Traqbeat Technologies PC
Traqbeat is a fast-growing company with acknowledged excellence in conducting high-level research and development of innovative systems and services. Its activities focus on the development of methods and tools in the area of medical sensing and informatics, e-health, m-Health, and Internet of Medical Things. Traqbeat focuses on the development of a novel adaptable wearable health tracking device including quantitative health risk assessment methods and tools focusing on the wider area of medical sensing. Traqbeat’s core technology consist of a proprietary – in house – patented novel wearable sensor and methods capable of continuously or intermittently measuring and recording of multiple health related biomarkers including Heart Rate/ Variability, SpO2, Blood Pressure and more. Its goal is to develop and apply novel ICT technologies in the wider context of personalised, predictive and preventive medicine aiming at the optimal management of diseases and the development of clinical decision support systems, optimisation of diagnosis and disease combating tools and models for enhancing biomedical knowledge discovery. The company realizes its goals through strong interaction between interdisciplinary engineers, product and operating managers with high R&D experience. Traqbeat’s founders have long experience in implementing national and European projects, high level technological competence and thorough knowledge and understanding of the field.
Role within REALM
Traqbeat’s expertise is on modern computational resources, smart biomedical sensors, mobile and wireless technology platforms, Machine and Deep learning-powered solutions, as well as service-oriented infrastructures for specialized embedded systems and ubiquitous monitoring applications.

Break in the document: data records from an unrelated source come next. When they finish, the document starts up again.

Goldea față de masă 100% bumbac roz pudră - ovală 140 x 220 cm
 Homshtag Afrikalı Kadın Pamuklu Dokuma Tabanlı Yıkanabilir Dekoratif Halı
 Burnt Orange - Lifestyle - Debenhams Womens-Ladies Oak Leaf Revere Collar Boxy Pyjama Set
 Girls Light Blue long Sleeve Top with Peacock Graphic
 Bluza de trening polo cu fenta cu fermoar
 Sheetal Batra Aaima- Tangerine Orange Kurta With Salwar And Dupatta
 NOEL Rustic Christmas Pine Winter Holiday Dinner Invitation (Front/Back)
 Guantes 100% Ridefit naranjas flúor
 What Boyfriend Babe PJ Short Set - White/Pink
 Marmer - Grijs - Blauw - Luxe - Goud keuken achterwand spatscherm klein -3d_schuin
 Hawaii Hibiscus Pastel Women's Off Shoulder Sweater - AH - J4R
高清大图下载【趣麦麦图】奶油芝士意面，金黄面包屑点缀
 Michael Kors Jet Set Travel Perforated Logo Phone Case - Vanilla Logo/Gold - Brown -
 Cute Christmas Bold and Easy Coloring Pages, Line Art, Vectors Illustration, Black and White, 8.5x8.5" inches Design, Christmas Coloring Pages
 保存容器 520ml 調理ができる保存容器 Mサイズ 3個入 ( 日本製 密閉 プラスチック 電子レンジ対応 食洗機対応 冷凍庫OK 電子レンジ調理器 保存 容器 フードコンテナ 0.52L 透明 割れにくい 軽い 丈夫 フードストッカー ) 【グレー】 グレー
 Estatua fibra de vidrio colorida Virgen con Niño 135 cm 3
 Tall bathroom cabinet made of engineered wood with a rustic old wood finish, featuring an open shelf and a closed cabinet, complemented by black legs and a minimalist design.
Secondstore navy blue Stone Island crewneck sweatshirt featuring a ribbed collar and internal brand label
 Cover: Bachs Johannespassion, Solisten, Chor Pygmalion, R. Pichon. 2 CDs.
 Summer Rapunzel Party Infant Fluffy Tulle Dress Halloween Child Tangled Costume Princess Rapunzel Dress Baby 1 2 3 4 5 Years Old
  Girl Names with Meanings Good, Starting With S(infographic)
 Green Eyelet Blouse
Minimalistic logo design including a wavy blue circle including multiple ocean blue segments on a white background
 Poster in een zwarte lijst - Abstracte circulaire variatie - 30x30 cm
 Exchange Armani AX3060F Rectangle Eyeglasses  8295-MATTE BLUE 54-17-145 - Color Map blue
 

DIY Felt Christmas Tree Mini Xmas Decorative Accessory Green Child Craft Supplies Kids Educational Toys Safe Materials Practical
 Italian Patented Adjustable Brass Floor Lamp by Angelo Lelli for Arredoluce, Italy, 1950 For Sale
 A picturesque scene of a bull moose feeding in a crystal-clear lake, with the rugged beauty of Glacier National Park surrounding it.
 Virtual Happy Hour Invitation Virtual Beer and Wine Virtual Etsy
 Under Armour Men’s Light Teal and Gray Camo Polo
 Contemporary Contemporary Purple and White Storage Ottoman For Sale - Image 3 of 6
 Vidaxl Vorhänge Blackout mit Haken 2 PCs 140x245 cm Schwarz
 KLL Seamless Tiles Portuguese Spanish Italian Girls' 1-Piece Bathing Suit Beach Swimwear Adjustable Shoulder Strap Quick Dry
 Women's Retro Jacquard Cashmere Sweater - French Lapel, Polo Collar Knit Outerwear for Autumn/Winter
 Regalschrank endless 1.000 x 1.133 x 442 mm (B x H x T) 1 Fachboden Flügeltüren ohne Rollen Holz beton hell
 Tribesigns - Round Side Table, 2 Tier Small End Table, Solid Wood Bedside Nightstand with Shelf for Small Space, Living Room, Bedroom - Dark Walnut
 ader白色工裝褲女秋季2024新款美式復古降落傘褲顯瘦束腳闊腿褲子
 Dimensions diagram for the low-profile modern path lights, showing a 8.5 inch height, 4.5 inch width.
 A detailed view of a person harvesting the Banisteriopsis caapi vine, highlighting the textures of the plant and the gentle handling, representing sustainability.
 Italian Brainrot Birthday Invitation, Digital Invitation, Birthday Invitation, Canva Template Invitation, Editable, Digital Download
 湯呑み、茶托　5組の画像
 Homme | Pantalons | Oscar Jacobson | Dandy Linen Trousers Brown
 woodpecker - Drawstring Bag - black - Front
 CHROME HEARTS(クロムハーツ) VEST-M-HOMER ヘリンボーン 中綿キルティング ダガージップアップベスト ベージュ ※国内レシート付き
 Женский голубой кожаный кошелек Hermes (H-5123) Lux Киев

More specifically, Traqbeat’s role in the project focuses on:
- the development and validation of medical grade smart sensing devices for the Internet of Medical Things, including MDR certification and legal frameworks,
- the design and technical architecture of the system, implementation and realization of specific subsystems,
- security, privacy and trust in medical data management and sharing,
- system integration and middleware deployment,
- AI-driven modelling and synthetic data identification,
- Pilot design, dissemination and exploitation efforts, including end users support and training.